To start the serving instance, run the below command:

Starting a vLLM serving instance
vllm serve ibm-nasa-geospatial/Prithvi-EO-2.0-300M-TL-Sen1Floods11 \
--io-processor-plugin terratorch_segmentation \
--model-impl terratorch \
--skip-tokenizer-init \
--enforce-eager

The snippet below shows the logs of a successfully initialized vLLM serving instance

vLLM instance ready to serve requests
(APIServer pid=532339) INFO 10-01 09:01:06 [launcher.py:44] Route: /scale_elastic_ep, Methods: POST
(APIServer pid=532339) INFO 10-01 09:01:06 [launcher.py:44] Route: /is_scaling_elastic_ep, Methods: POST
(APIServer pid=532339) INFO 10-01 09:01:06 [launcher.py:44] Route: /invocations, Methods: POST
(APIServer pid=532339) INFO 10-01 09:01:06 [launcher.py:44] Route: /metrics, Methods: GET
(APIServer pid=532339) INFO:     Started server process [532339]
(APIServer pid=532339) INFO:     Waiting for application startup.
(APIServer pid=532339) INFO:     Application startup complete.

Send An Inference Request To The Model#

TerraTorch models can be served in vLLM via the /pooling endpoint with the below payload

vLLM pooling request payload
request_payload = {
    "data": Any,
    "model": "model_name",
    "softmax": False
}

The data field accepts any format and its schema is defined by the IOProcessor plugin used. The softmax=True is mandatory as it is required for the plugins to receive the raw model output.
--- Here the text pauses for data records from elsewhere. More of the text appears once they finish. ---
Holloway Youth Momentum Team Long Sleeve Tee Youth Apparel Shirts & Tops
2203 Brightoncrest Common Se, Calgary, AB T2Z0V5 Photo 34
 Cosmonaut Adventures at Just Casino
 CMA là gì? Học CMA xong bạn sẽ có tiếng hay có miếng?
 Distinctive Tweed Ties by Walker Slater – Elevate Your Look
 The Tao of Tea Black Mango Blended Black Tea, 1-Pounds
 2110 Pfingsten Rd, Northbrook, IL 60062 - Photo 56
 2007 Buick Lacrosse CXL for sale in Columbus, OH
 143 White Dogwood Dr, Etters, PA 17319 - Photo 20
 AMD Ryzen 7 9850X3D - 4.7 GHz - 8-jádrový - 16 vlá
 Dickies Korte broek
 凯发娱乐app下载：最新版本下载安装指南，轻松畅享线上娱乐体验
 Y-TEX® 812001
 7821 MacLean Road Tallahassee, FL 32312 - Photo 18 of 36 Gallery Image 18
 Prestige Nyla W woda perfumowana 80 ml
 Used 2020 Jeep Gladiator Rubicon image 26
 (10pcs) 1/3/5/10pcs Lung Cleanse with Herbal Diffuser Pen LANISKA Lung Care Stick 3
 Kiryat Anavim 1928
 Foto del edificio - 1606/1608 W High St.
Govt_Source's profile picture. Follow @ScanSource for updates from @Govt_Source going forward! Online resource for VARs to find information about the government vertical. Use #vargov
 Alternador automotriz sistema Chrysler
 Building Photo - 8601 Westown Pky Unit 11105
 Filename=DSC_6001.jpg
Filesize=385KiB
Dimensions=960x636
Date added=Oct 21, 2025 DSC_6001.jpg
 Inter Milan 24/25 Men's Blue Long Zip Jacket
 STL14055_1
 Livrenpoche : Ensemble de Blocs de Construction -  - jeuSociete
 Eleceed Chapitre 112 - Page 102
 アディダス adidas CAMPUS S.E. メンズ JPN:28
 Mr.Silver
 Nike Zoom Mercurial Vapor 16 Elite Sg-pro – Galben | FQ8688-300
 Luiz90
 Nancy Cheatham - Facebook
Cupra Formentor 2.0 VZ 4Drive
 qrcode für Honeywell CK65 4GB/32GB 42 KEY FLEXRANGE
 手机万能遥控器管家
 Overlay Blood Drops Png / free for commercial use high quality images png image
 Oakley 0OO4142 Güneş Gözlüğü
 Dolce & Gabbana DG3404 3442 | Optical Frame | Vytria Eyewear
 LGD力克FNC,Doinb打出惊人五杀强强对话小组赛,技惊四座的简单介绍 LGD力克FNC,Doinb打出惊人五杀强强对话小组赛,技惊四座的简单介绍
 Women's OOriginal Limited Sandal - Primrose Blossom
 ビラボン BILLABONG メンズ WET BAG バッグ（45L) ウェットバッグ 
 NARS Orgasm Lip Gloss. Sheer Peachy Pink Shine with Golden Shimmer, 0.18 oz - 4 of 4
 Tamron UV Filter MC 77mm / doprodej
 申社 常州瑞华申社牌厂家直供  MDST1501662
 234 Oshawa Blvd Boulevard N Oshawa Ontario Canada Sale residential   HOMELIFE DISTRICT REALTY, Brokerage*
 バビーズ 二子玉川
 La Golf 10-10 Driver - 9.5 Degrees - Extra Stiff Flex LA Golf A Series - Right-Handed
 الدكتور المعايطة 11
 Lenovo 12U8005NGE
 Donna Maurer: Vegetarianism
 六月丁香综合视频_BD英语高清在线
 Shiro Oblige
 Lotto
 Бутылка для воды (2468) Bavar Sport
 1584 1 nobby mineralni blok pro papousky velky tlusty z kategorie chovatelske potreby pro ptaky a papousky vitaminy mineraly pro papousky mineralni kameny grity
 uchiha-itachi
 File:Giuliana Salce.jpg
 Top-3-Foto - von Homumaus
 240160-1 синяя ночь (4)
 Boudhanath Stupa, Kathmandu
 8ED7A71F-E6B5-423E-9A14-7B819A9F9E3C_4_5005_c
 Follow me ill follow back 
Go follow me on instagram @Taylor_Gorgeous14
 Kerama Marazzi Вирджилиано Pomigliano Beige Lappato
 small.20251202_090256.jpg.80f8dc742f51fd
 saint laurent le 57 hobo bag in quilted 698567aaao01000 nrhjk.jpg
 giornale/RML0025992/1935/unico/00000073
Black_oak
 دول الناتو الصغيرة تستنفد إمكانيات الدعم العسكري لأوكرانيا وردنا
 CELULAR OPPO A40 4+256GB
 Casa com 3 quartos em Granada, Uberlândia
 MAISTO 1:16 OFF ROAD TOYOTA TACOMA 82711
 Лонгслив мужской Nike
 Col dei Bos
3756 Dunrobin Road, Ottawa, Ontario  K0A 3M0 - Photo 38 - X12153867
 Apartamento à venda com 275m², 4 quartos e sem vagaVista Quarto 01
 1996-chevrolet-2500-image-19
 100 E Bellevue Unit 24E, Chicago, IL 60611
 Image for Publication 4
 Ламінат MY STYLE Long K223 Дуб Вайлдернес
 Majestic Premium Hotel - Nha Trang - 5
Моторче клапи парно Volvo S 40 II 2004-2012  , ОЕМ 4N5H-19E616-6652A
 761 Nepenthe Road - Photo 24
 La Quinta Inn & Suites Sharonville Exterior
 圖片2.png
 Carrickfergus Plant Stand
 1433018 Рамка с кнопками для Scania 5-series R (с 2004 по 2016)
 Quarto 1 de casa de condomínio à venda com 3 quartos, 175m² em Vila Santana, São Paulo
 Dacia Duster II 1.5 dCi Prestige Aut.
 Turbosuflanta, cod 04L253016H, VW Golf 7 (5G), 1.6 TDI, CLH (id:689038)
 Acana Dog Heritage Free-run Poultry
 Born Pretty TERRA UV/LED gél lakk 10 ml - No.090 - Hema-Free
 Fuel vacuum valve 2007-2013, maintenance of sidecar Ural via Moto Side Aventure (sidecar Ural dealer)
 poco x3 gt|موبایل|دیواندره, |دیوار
The model field must contain the same model name used for starting the server.

In this example, the format of the data field is defined by the terratorch_segmentation plugin, and for this example we will use the below request_payload:

Request payload for the terratorch_segmentation plugin
request_payload = {
    "data": {
        "data": "https://huggingface.co/christian-pinto/Prithvi-EO-2.0-300M-TL-VLLM/resolve/main/valencia_example_2024-10-26.tiff", 
        "data_format": "url",
        "out_data_format": "path",
        "image_format": "geoTiff"
    },
    "model": "ibm-nasa-geospatial/Prithvi-EO-2.0-300M-TL-Sen1Floods11",
    "softmax": False
}

With this payload the IOProcessor plugin will download the input geoTiff from a URL and return the path on local filesystem of the output geoTiff.

Assuming the vLLM server is listening on localhost:8000 the below snippet shows how to send the inference request and retrieve the output file path.

Request inference to the vLLM serving instance
ret = requests.post("http://localhost:8000/pooling", json=request_payload)
response = ret.json()
out_file_path = response["data"]["data"]